Breast cancer xenograft models were established by subcutaneously injecting MDA-MB-231/MDA-MB-435 cells (1×107) into BALB/c nude mice (Yangzhou University Comparative Medicine Centre, Yangzhou, China). When the tumors reached 100 mm3, mice were randomized into different groups then treated with indicated treatments intravenously every 3 days. Tumor development was measured periodically and the tumor volume was determined using the formula V=(length×width2)/2. Mice were followed for survival and sacrificed when tumors reached 2000 mm3 as per institutional guidelines to determine the survival of tumor-bearing nude mice.

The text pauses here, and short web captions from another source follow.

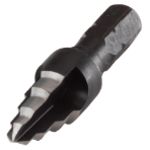 Wolfcraft-HSS-askelpora-6--8--10-mm
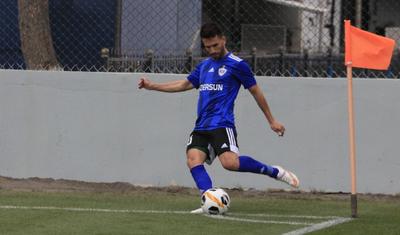 "Futbolçulara bəzi tapşırıqlar verilmişdi ki…" -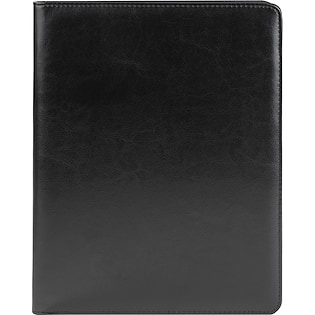 Konferensmapp Elegant A4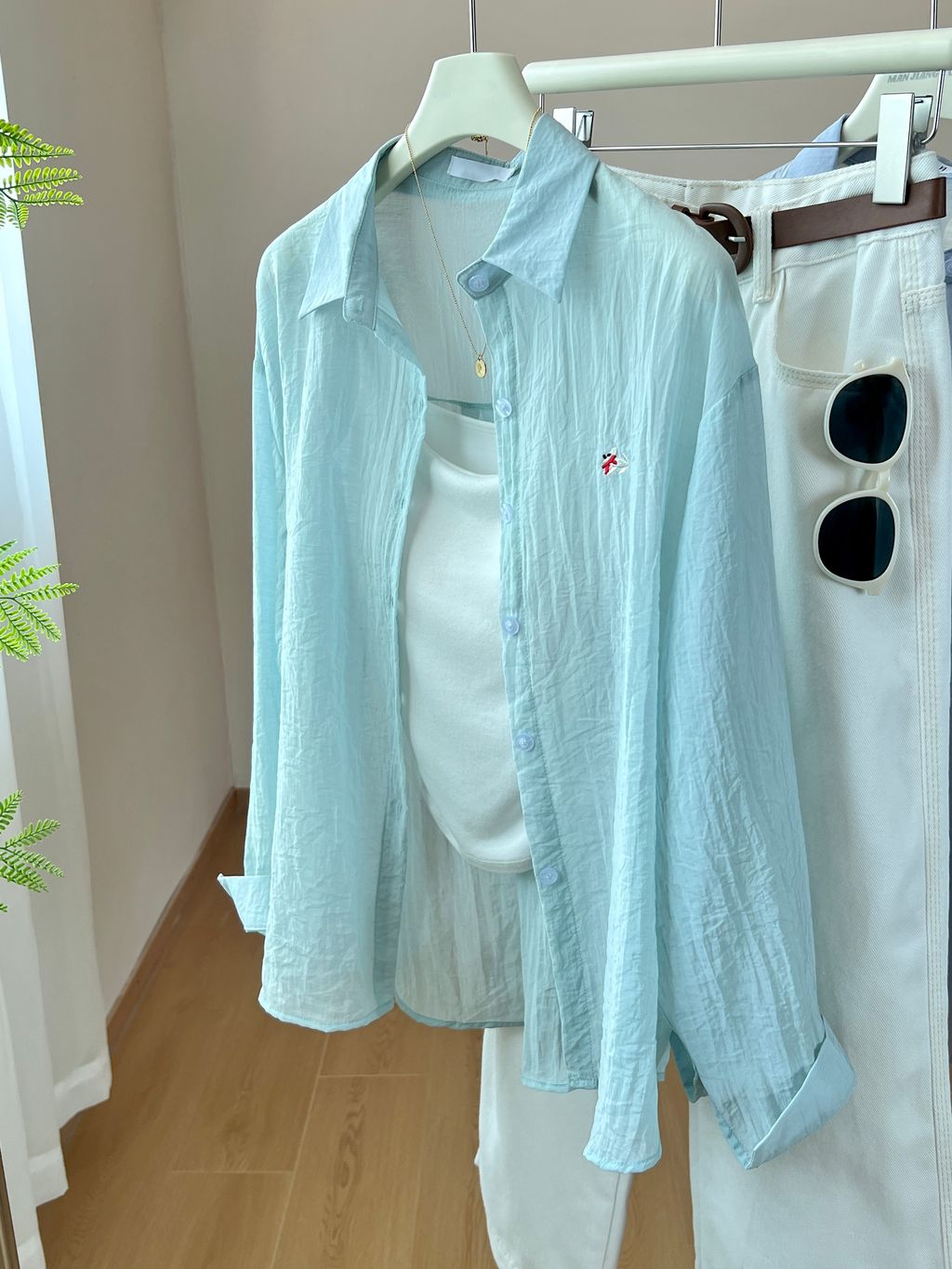 701d719cfbe7d3df864f3ef34e685620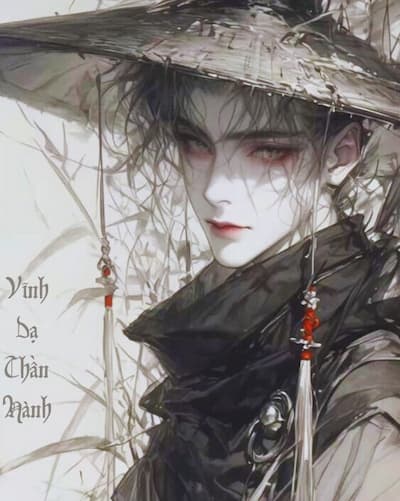 Vĩnh Dạ Thần Hành: Khi Bóng Tối Nuốt Chửng Ánh Sáng!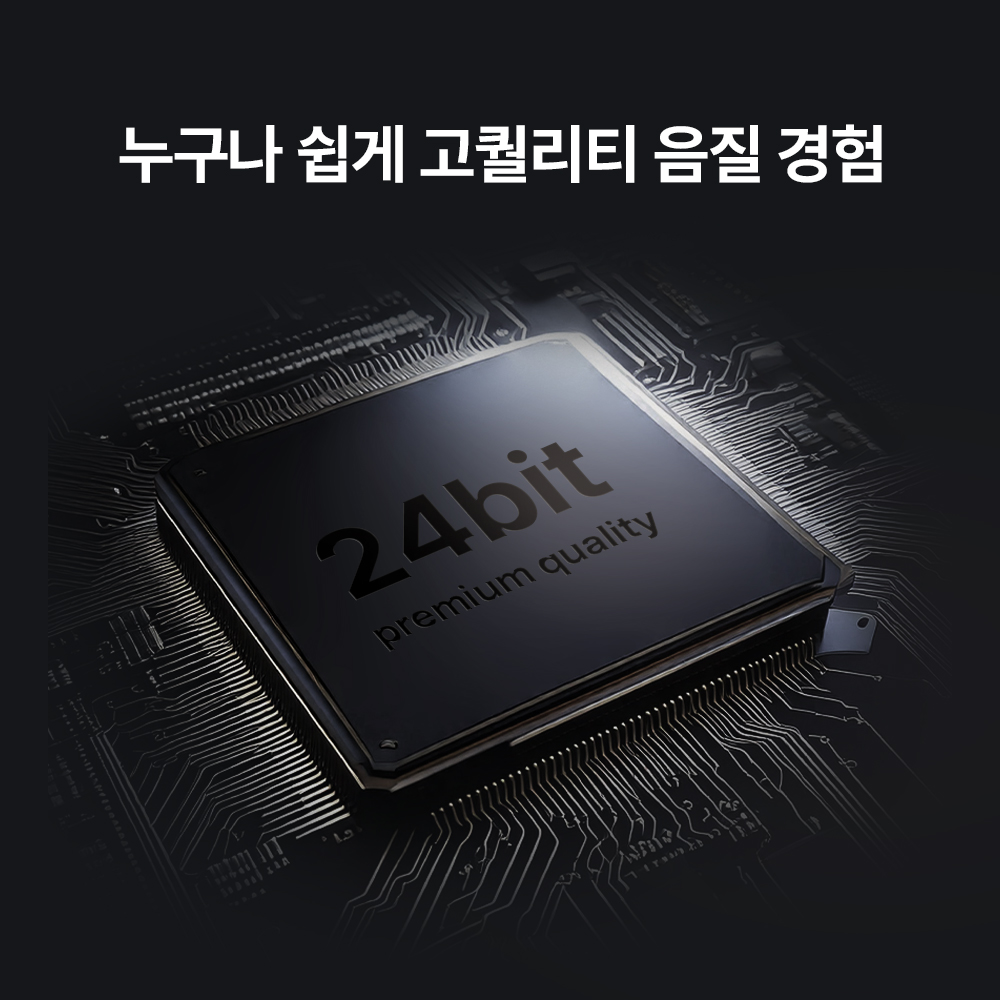 마타스튜디오 C300 다이나믹 방송용 유튜버 녹음 마이크 USB 스탠드 강의 노래 상품 이미지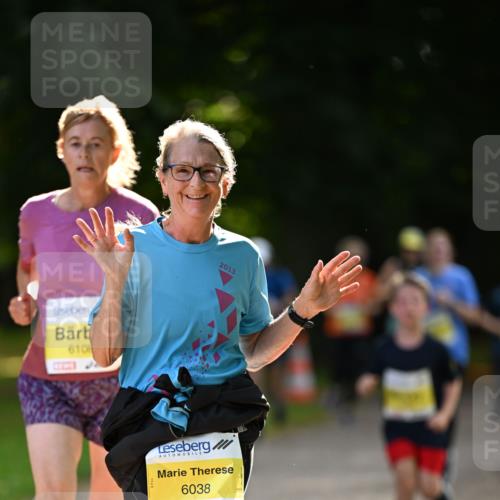 25.08.2024 - 20. Blankeneser Heldenlauf Dr. Thomas Lammeyer http://msf.ph/oto/6807621 25.08.2024 10:18:24 Laufen 610, 6038, 2013 meine-sportfotos.de
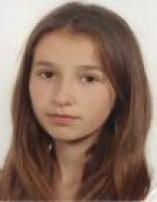 Adrianna SZYMECZKO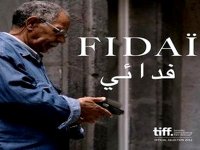 « Fidaï » en compétition officielle au Festival du film documentaire d’Agadir (Maroc)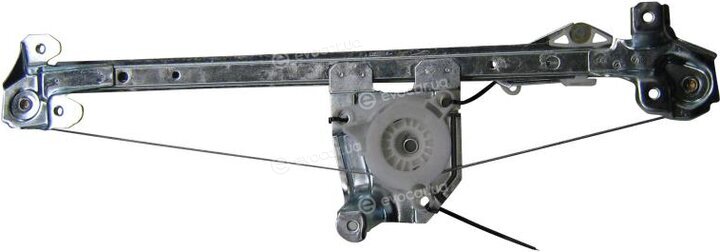 Starline PXA 33701 R
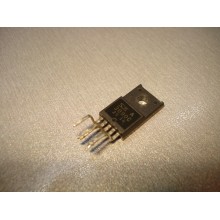 Микросхема SK3090C (1 шт.) демонтаж проверенная полностью рабочая #1:118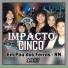 GRUPO IMPACTO CINCO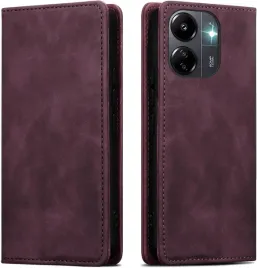 etui-skorzane-sheep-magnetyczne-skin-do-xiaomi-redmi-13c-szklo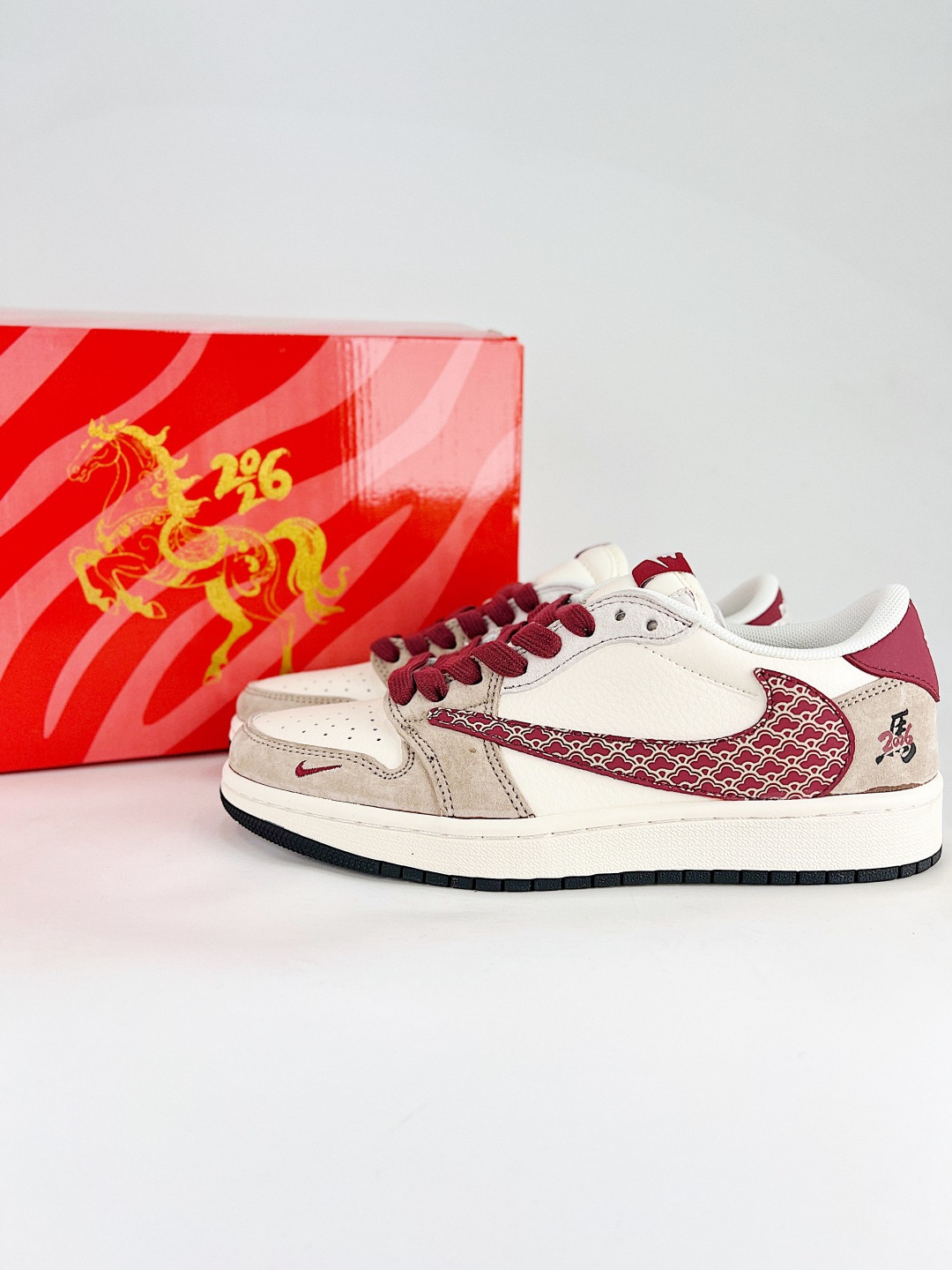 _dmK9sdiqjWCadK5L5LGNd3W93rFoakp5gXHc3TQ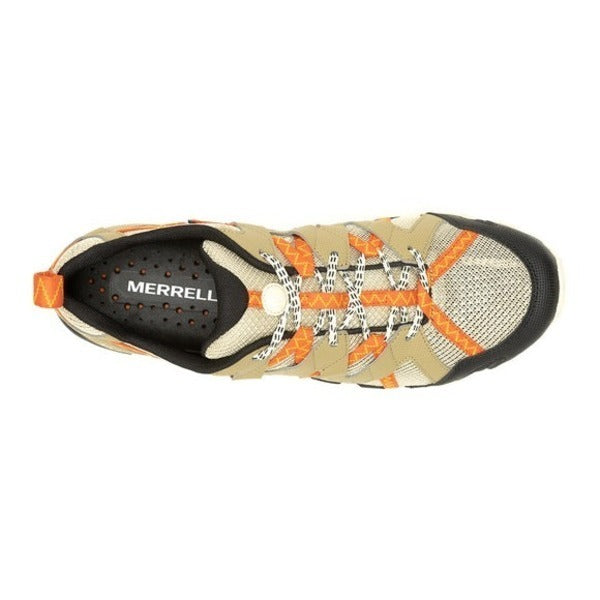 MERRELL WATERPRO MAIPO 2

Immunohistochemistry and immunofluorescence staining

Immunohistochemical (IHC) analysis was performed using antibodies against Ki-67, VEGF, CD31 (Cell Signaling Technology, USA) respectively. For immunofluorescence (IF) staining, sections were incubated with anti-CD56, anti-IFN-γ, anti-TNF-α antibodies (Abcam, Cambridge, UK). Next, slides were mounted with Vectashield mounting media containing DAPI and were analyzed under fluorescence microscope.

Statistical analysis

The data are indicated as means ± standard deviation (SD). Significance levels were estimated using the student’s t test and P values of 0.05 or less were considered statistically significant. The calculation was performed with the GraphPad Prism software (San Diego, CA).

ACKNOWLEDGMENTS

This project was supported by the National Natural Science Foundation of China (NSFC81473125). Jiangsu Province Qinglan Project (2014). A Project Funded by the Priority academic Program Development of Jiangsu Higher education Institutions. We are grateful to Professor Sherie L. Morrison of UCLA for her contribution on the revision.

CONFLICTS OF INTEREST

The authors declare that they have no conflict of interest.

Abbreviations

ADCC, antibody-dependent cellular cytotoxicity; ATCC, American type culture collection; CDC, complement dependent cytoxicity; CEA, carcino embryonie antigen; ECGS, endothelial cell growth supplement; ECM, endothelial culture medium; ER, estrogen receptor; Fab, antigen-binding fragments; FACS, fluorescence activated cell sorter; FBS, fetal bovine serum; Fc, fragment crystallizable; FcγRs, Fc gamma receptors; FITC, fluorescein isothiocyanate; HER2, human epidermal growth factor receptor-2; HUVECs, human umbilical vascular endothelial cells; IF, immunofluorescence; IFN-γ, interferon-gamma; IHC, immunohistochemical; KDR3, the extracellular domain 3 of human VEGFR2; MHC, major histocompatibility complex; MICA/B, MHC class I-related chain molecules A and B; NKG2D, NK group 2, member D; OS, overall survival; PBMCs, peripheral blood mononuclear cells; PI, propidium iodide; PPE, palmar-plantar erythrodysesthesia; scFv, single chain fragment variable; SD, standard deviation; TAAs, tumor associated antigens; TNF-α, tumor necrosis factor-alpha; ULBPs, UL16-binding proteins; ULBP2, UL16-binding protein 2; VEGF, vascular endothelial growth factor; VEGFR2, vascular endothelial growth factor receptor 2.